=== Begin Enclosure ===

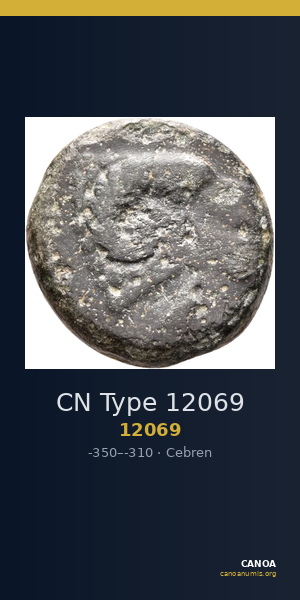 CN Type 12069 — CANOA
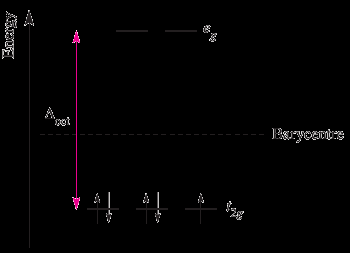 μ ef (μ B ) Exemplo: [Fe(S CNR R ) 3 ] Compostos de Spin Alto EECC= 0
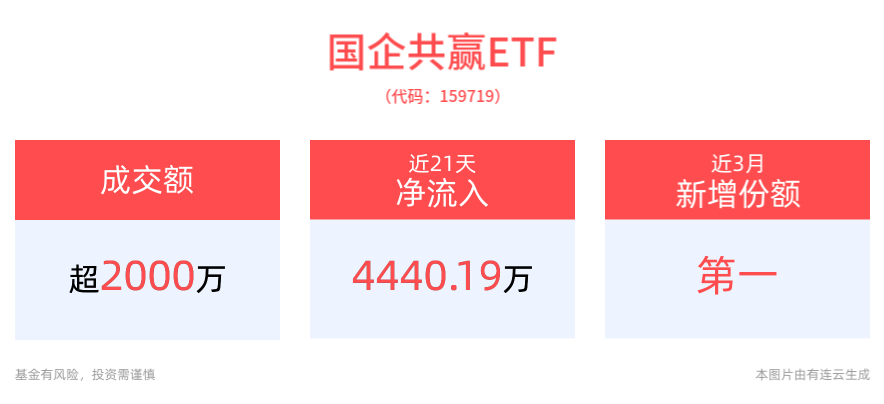 重要会议强调强化央企科技创新使命担当，国企共赢ETF(159719)配置机遇备受关注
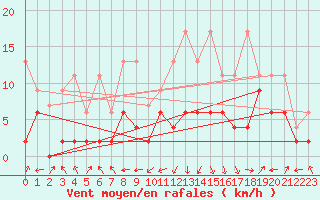 Courbe de la force du vent pour Ble - Binningen (Sw)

=== End Enclosure ===

Exercise prompt — Word-for-word restatement: every line from the one with "μ ef (μ B )" through the final line of the data, both ends included, pictures excluded.

Written reply —
 μ ef (μ B ) Exemplo: [Fe(S CNR R ) 3 ] Compostos de Spin Alto EECC= 0
 重要会议强调强化央企科技创新使命担当，国企共赢ETF(159719)配置机遇备受关注
 Courbe de la force du vent pour Ble - Binningen (Sw)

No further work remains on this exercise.